- What to produce: Give the lines below again exactly, starting with the line that holds "Mitox 56CS-PRO Chainsaw" and going on through the line that holds "1FBSS3BL4BDA98137 - 2011".

Segment Open

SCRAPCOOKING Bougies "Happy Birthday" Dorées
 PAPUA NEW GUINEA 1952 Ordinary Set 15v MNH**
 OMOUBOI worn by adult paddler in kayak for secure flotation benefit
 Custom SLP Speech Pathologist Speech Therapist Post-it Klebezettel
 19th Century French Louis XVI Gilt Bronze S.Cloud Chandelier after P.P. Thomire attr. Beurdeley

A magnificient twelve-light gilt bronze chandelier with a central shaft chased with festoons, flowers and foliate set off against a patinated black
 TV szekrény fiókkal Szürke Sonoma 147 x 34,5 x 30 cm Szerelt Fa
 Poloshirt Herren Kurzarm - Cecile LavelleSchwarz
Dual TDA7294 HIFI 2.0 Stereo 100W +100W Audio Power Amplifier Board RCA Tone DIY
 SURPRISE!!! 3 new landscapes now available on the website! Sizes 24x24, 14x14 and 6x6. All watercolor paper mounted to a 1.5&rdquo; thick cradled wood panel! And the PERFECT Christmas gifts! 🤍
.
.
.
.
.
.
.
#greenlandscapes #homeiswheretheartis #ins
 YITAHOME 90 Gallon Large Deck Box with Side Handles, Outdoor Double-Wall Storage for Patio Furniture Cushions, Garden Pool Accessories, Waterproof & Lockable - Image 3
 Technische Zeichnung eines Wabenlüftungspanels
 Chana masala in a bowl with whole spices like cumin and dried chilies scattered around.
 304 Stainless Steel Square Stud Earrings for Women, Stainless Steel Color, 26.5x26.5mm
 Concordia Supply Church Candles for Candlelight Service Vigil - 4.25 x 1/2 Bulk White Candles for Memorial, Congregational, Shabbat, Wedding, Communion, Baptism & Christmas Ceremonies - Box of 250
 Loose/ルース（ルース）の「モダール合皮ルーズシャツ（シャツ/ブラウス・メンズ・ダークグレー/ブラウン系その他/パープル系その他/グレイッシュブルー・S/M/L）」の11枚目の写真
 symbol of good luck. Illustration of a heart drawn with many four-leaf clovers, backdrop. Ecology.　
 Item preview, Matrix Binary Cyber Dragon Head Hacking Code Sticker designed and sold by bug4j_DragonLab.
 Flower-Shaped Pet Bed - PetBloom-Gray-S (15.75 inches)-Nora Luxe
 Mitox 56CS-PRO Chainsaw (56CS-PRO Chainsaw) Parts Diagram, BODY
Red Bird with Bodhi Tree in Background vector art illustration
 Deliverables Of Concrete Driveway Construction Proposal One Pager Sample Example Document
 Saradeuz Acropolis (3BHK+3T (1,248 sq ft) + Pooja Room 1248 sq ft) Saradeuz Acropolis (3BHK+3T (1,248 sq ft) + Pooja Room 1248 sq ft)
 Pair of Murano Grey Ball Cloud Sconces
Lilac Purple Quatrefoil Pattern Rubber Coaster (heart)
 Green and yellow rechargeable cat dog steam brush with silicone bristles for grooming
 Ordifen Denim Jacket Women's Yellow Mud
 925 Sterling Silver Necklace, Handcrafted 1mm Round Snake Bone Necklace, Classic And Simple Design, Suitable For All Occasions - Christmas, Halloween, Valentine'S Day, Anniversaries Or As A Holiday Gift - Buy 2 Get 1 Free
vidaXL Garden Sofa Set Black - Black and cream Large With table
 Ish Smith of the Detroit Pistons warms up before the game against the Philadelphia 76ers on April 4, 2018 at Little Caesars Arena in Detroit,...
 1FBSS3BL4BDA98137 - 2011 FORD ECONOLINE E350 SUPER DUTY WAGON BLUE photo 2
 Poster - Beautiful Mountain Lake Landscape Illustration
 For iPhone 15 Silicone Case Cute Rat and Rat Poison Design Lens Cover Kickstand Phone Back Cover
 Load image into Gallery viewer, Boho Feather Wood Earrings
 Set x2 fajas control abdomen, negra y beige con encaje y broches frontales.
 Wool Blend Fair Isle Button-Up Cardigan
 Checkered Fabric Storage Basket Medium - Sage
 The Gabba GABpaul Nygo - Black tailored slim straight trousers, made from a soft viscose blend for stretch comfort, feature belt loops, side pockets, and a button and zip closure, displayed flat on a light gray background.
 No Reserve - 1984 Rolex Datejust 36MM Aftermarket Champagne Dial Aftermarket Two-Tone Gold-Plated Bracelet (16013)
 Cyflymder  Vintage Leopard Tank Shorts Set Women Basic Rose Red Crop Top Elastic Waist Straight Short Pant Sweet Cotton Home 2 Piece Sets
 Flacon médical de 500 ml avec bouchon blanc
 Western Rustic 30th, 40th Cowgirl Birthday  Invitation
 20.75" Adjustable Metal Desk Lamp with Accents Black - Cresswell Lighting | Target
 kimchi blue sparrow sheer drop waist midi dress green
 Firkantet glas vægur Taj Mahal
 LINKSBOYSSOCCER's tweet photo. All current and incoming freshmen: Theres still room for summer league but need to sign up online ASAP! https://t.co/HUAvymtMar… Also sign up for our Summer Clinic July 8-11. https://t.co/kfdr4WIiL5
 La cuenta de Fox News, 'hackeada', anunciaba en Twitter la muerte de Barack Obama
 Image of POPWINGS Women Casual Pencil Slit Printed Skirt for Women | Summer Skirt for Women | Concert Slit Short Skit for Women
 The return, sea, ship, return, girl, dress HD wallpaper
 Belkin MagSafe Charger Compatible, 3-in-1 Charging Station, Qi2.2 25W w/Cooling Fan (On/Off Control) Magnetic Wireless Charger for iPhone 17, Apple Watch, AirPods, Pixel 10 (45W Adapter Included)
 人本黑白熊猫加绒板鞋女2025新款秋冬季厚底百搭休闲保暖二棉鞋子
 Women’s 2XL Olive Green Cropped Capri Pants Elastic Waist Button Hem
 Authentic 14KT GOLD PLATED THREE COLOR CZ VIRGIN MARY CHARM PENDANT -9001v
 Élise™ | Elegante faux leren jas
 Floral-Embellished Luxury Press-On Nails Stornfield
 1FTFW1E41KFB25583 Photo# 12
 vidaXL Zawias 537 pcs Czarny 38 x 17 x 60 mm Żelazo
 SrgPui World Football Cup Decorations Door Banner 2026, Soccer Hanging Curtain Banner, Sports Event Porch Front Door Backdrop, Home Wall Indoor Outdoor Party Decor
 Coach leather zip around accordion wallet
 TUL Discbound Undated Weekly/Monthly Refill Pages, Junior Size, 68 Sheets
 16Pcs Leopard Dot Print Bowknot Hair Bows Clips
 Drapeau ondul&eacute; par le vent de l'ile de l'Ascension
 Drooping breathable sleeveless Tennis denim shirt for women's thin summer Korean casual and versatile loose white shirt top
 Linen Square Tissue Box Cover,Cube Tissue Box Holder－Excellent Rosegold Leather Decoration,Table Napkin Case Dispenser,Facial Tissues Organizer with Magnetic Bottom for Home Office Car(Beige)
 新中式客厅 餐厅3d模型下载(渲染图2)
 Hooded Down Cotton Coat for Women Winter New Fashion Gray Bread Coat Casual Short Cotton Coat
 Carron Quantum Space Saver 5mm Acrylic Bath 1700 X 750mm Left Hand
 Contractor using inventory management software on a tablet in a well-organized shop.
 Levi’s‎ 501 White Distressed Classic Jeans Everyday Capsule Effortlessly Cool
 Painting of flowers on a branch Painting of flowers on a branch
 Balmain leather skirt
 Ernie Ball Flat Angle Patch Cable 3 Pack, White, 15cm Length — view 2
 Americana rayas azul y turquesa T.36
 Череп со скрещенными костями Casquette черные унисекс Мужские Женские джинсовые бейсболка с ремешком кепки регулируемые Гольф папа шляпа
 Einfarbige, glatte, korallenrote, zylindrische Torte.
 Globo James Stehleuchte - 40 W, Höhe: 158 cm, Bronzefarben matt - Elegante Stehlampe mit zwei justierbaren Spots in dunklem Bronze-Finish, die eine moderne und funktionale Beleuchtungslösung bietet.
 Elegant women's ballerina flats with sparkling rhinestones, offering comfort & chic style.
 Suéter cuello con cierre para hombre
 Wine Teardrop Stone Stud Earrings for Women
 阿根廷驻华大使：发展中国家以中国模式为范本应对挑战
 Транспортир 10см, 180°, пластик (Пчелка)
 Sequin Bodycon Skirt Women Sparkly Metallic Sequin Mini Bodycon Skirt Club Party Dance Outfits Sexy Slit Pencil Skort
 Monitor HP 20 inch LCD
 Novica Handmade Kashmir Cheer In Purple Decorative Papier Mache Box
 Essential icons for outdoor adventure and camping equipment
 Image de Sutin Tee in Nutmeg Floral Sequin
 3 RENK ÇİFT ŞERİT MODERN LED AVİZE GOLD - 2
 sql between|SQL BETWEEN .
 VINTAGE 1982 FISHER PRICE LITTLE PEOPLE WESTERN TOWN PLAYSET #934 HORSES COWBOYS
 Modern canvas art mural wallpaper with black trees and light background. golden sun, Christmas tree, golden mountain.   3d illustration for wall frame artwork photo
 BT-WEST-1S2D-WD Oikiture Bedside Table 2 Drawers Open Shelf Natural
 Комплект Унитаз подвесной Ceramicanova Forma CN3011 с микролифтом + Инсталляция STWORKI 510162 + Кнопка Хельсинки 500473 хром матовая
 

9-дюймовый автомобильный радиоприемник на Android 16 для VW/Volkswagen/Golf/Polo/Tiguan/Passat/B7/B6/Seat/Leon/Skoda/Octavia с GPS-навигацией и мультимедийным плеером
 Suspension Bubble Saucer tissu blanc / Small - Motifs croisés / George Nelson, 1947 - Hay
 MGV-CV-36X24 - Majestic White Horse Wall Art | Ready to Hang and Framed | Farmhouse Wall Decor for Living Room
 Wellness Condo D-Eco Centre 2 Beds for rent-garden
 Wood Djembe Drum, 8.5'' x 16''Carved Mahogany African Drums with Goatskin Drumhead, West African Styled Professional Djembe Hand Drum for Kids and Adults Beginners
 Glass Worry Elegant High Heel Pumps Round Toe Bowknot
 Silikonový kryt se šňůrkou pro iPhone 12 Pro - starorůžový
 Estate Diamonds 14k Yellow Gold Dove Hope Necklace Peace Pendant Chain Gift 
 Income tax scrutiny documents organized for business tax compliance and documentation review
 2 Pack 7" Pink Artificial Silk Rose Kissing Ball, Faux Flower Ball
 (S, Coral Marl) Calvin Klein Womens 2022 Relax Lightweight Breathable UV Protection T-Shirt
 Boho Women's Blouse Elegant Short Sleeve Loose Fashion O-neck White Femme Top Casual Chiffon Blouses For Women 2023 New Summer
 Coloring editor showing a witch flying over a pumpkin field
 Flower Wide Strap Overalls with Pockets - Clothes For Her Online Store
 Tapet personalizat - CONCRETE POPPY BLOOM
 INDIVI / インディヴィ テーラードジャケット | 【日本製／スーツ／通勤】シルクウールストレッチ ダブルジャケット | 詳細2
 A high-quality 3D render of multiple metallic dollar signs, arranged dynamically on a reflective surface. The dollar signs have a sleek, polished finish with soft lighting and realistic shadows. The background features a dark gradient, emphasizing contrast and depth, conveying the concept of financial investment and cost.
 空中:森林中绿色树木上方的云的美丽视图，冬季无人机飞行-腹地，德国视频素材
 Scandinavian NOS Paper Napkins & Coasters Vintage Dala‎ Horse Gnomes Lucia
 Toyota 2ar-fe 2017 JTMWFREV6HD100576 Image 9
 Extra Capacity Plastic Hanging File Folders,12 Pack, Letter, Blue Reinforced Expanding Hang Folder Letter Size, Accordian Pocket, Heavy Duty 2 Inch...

Segment Closed

- Completed task:
 Mitox 56CS-PRO Chainsaw (56CS-PRO Chainsaw) Parts Diagram, BODY
Red Bird with Bodhi Tree in Background vector art illustration
 Deliverables Of Concrete Driveway Construction Proposal One Pager Sample Example Document
 Saradeuz Acropolis (3BHK+3T (1,248 sq ft) + Pooja Room 1248 sq ft) Saradeuz Acropolis (3BHK+3T (1,248 sq ft) + Pooja Room 1248 sq ft)
 Pair of Murano Grey Ball Cloud Sconces
Lilac Purple Quatrefoil Pattern Rubber Coaster (heart)
 Green and yellow rechargeable cat dog steam brush with silicone bristles for grooming
 Ordifen Denim Jacket Women's Yellow Mud
 925 Sterling Silver Necklace, Handcrafted 1mm Round Snake Bone Necklace, Classic And Simple Design, Suitable For All Occasions - Christmas, Halloween, Valentine'S Day, Anniversaries Or As A Holiday Gift - Buy 2 Get 1 Free
vidaXL Garden Sofa Set Black - Black and cream Large With table
 Ish Smith of the Detroit Pistons warms up before the game against the Philadelphia 76ers on April 4, 2018 at Little Caesars Arena in Detroit,...
 1FBSS3BL4BDA98137 - 2011 FORD ECONOLINE E350 SUPER DUTY WAGON BLUE photo 2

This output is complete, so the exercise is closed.